%%

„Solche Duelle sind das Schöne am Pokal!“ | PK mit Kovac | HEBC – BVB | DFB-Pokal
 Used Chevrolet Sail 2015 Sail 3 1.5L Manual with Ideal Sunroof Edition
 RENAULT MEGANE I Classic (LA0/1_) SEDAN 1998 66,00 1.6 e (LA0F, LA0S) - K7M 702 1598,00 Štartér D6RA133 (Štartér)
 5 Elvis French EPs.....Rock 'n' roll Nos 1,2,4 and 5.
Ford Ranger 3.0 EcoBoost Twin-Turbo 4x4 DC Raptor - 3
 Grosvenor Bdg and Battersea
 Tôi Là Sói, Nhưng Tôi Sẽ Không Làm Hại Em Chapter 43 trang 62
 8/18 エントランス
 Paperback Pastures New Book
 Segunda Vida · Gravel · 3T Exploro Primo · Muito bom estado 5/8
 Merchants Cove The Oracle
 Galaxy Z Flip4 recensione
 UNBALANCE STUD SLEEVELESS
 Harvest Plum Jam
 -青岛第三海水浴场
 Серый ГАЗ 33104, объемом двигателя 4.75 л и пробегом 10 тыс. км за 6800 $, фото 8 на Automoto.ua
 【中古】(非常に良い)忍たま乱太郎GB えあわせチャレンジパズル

%%

The output consists solely of the lines from the line that contains "8/18 エントランス" through the final line of the data.

 8/18 エントランス
 Paperback Pastures New Book
 Segunda Vida · Gravel · 3T Exploro Primo · Muito bom estado 5/8
 Merchants Cove The Oracle
 Galaxy Z Flip4 recensione
 UNBALANCE STUD SLEEVELESS
 Harvest Plum Jam
 -青岛第三海水浴场
 Серый ГАЗ 33104, объемом двигателя 4.75 л и пробегом 10 тыс. км за 6800 $, фото 8 на Automoto.ua
 【中古】(非常に良い)忍たま乱太郎GB えあわせチャレンジパズル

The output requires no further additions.